### ACTIVITY
Repeat exactly the lines running from the first line of the data to the line containing "In the next", both ends included, and nothing else; drop the pictures.

PROVIDED DATA START

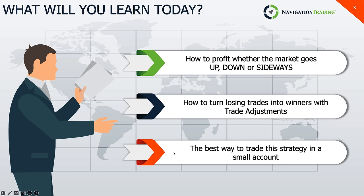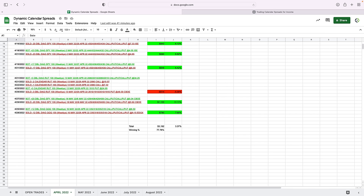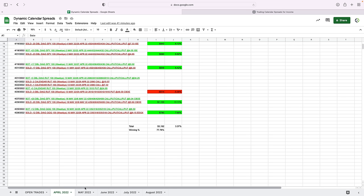You can trade calendars in any size account, and we'll talk about the best way to trade it in a small account if you are just getting started. I'll give you the link in just a minute on how to access this course, but before I do, I just want to share with you some of the performance that we've seen with this strategy since April of this year, when we started implementing some of these new tactics to the management of these trades.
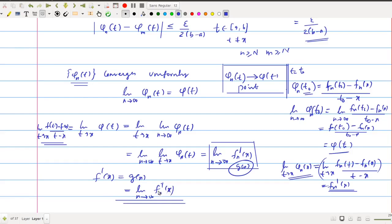In the next class, we will discuss one of the important constructions — the construction of a nowhere differentiable function. That is a nice construction in real analysis. With that, we can conclude module 3. From the next class onwards, we will discuss module 4, which is the last module of our syllabus. Thank you.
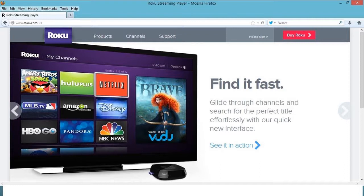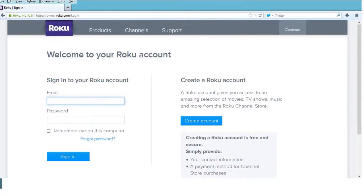On the Roku website, you'll see a sign-in or login button on the top right-hand corner. Please click on it and it'll prompt you to enter your email ID and password. The email ID and password is the ID to which your Roku box is linked and the password for that particular account with the Roku website.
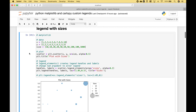Now we're ready to create our custom legend. We start out with our scatterplot variable that we created here. Then we use a dot legendElements, and inside the legendElements round brackets, we assign sizes to the prop argument. For the alpha transparency, we use 0.2. Then we use plt.legend and put in the handles and the labels. We can use the loc argument to position the legend, and we assign sizes to the title. Let's go ahead and run it, and you can see we have our scatterplot with our custom legend.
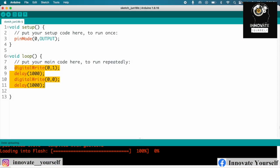That wraps up today's episode on getting started with Raspberry Pi Pico W and blinking an LED using the Arduino IDE. I hope you found this tutorial helpful and inspiring. Stay tuned for more exciting projects and tutorials on Innovate Yourself. Remember, the possibilities are endless when you unleash your creativity with Raspberry Pi Pico.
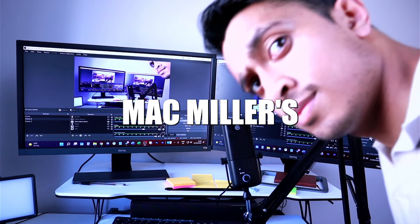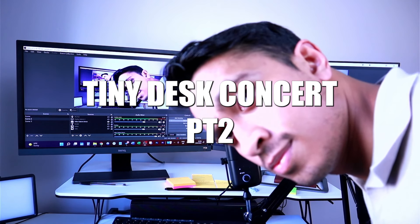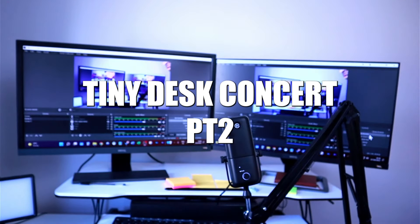A first listen of Mac Miller's Tiny Desk concert part two, now into the actual song reaction. This is part two of Mac Miller's Tiny Desk NPR concert. The first part I did maybe three weeks ago.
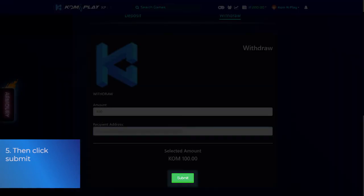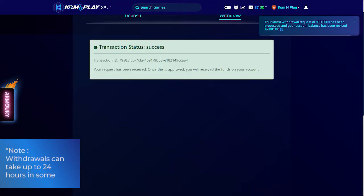Step 5: Then click Submit. Note that withdrawals can take up to 24 hours in some cases.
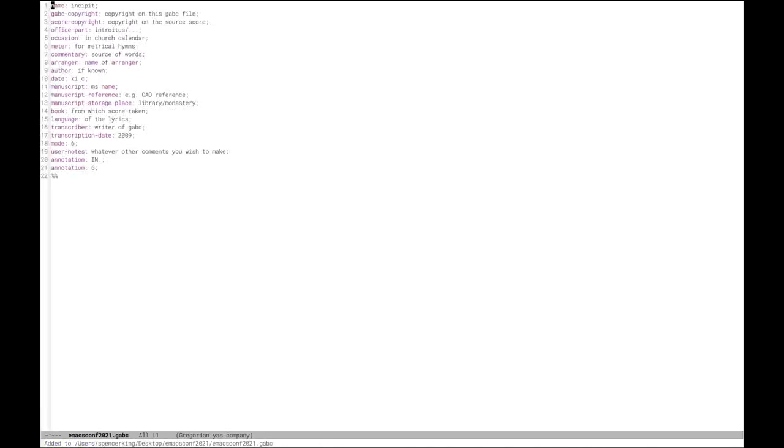So first, we'll open up Emacs and in my case, I'm using the GUI version. So now that Emacs is open, we can call the function GregorianCreateNewGabC and this will prompt us for a file name. So we need to pick out a name for our new score. So I think I'm going to go ahead and name ours EmacsConf 2021. So you can see here that we now have a new GabC file with all of the optional header fields added, and we can keep whichever of these that we would like and we can modify them as needed.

PROVIDED DATA END

### ANSWER SPACE
You can trade calendars in any size account, and we'll talk about the best way to trade it in a small account if you are just getting started. I'll give you the link in just a minute on how to access this course, but before I do, I just want to share with you some of the performance that we've seen with this strategy since April of this year, when we started implementing some of these new tactics to the management of these trades.
In the next class, we will discuss one of the important constructions — the construction of a nowhere differentiable function. That is a nice construction in real analysis. With that, we can conclude module 3. From the next class onwards, we will discuss module 4, which is the last module of our syllabus. Thank you.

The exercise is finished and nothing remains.